“…the standard of daily life among professing Christians in this country has been gradually failing. I’m afraid that Christ-like charity, kindness, good-temper, unselfishness, meekness, gentleness, good-nature, self-denial, zeal to good, and separation from the world, are far less appreciated than they ought to be. The vast increase of wealth in the last 25 years has insensibly introduced a plague of worldliness, and self-indulgence, and love of ease into social life. What were once called luxuries are now comforts and necessaries, and self-denial and enduring hardness are consequently little known” – says J.C. Ryle in the middle of the 1800. If Ryle felt this way 150 years ago, what could we write about today’s Christianity which is saturated with secularism more than any generation of Christians before? Today’s Christianity is soaked with the values and practices of the world!
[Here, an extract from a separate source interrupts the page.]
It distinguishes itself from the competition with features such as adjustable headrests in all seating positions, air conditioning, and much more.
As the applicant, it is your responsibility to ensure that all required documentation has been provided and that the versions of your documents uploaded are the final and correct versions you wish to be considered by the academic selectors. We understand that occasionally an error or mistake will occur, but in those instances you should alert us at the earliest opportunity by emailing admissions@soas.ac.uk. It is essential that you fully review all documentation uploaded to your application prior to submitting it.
But the command of 1Pt 1:6 is valid today, too: “you shall be holy, for I am holy“. This command doesn’t give us room to be passive or to be ignorant, but it requests an action. Holiness is active. Ryle says this: “Is it wise to teach believers that they ought not to think so much of fighting and struggling against sin, but ought rather to “yield themselves to God” and be passive in the hands of Christ? I doubt it. A holy violence, a conflict, a warfare, a fight, a soldier’s life, a wrestling, are spoken of as characteristic of the true Christian.”
Holiness is a required opportunity.
Opportunity – because it is only available to those who are described by Peter this way: “obtaining the outcome of your faith, the salvation of your soul”. (1:9) The opportunity to live a holy life is open for those who obtained salvation. We don’t pursue holiness to receive salvation, but because we are saved, we have an opportunity to live a holy life.
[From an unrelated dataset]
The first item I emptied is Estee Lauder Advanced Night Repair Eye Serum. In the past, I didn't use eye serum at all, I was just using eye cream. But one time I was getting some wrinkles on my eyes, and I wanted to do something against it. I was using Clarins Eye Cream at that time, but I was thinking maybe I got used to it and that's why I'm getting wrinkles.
Required – “I doubt, indeed, whether we have any warrant for saying that a man can possibly be converted without being consecrated to God.” – says Ryle. The security of salvation by grace doesn’t release us from the requirement of pursuing holiness. A true Christian has an ongoing desire to live a pure life. Although our salvation is by grace through faith, Peter warns us that God “judges impartially according to each one’s deeds.” (1:14b)
Peter gives us three helpful, practical steps to help us to live a holy life:
1. “Preparing your minds for action…” – our mind directs our actions.
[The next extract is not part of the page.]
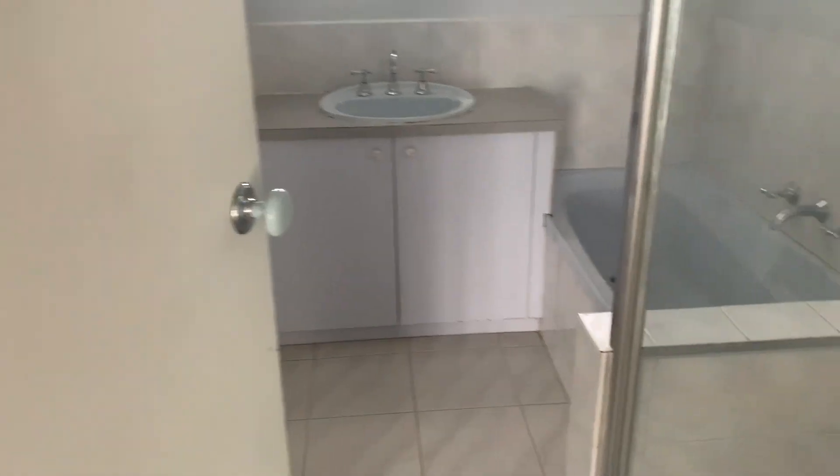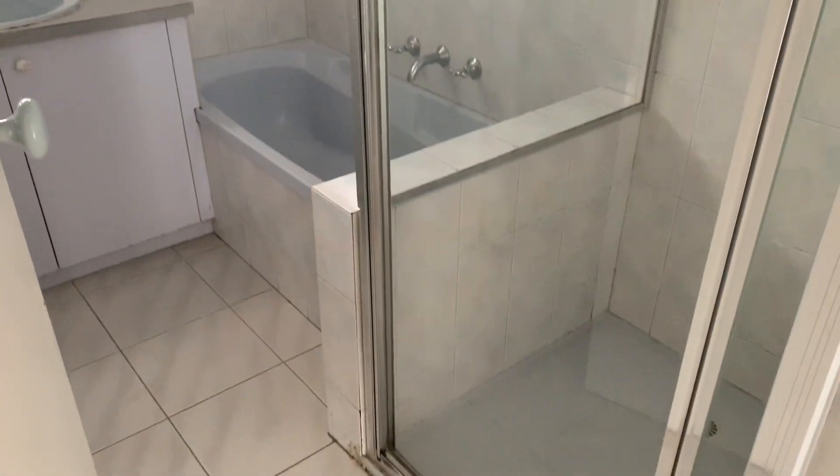Bathroom. Bath and shower. Separate toilet.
The battle over holiness won in our mind – not in our feelings. We decide what kind of information and values we allow to become our convictions. And we know that our conviction guides our actions. Whatever we fill our minds with, that’s what we become. That’s why Peter tells us what kind of knowledge we need to absorb: “knowing (not feeling) that you were ransomed from the futile ways inherited from your forefathers, not with perishable things… but with the precious blood of Christ…”(1:18) The real knowledge of our sin and salvation is what helps us to pursue holiness. As Ryle writes: “Wrong views about holiness are generally traceable to wrong views about human corruption. …right knowledge of sin lies at the root of all saving Christianity.” The more we see how much our inherited deadly disease (sin) hurts God’s basic characteristic, His Holiness, the more we will want to pursue holiness in our everyday life. The growing knowledge in the truth about our own state and about God’s person is the very first step that leads us to live a holy life. Holiness starts with recognizing our disgusting, sinful nature and continues with the recognition of God’s pure holiness.
2. “…set your hope fully…” – our conviction about our future determines our deeds in the present.
The lost person lives in the slavery of his/her past. The saved is freed by his/her future. While the lost person’s present is determined by his/her past, the saved person’s present is determined by his/her future. We, Christians, live in the present from our future. Our hope in our future changes our present. Because we set our hope fully in the future we have, that’s why we will not live determined by our past. It is a great motivator for holiness to look ahead to the grace we will get when Christ comes back. But also it is a great motivator if we look ahead to the account we need to give when He comes back. Both the thankful heart and the fearful heart should motivate us to live a holy life. “Conduct yourself with fear…” – says Peter. There is a place for the fear of God. God is good, but He is holy. We should be fearful to commit sin.
3. “…do not be conformed to the passions of your former ignorance…” – in order to leave behind the old sin we need to set new patterns, determine clear boundaries and make firm decisions.
Peter uses a graphic expression here: we shouldn’t slick to the shape of the world and of our old desires. The world and our flesh has a shape, a form with it’s values, customs, deeds, desires, thinking, arguing, etc. That’s the old shape. We should not slick into that form. We have a new shape, a new form that we need to be conformed to: the shape of Christ. We need to have new customs, new values, new ways of having fun, new ways of saying things, new ways of thinking, arguing, etc. The new pattern, the new shape, the new model is God’s holiness. Slick to that. The hardest daily battle in living a holy life is when we have to take each of our old customs, habits, practice, behaviors, etc. and weigh them on the measure of God’s holiness. And with each we need to make a decision and set boundaries that we will not follow the old practice and habits, but develop new ones. Developing godly practices is the practical daily step of holiness.
What would it be like if we would really life a holy life? We should live it, because we can live it!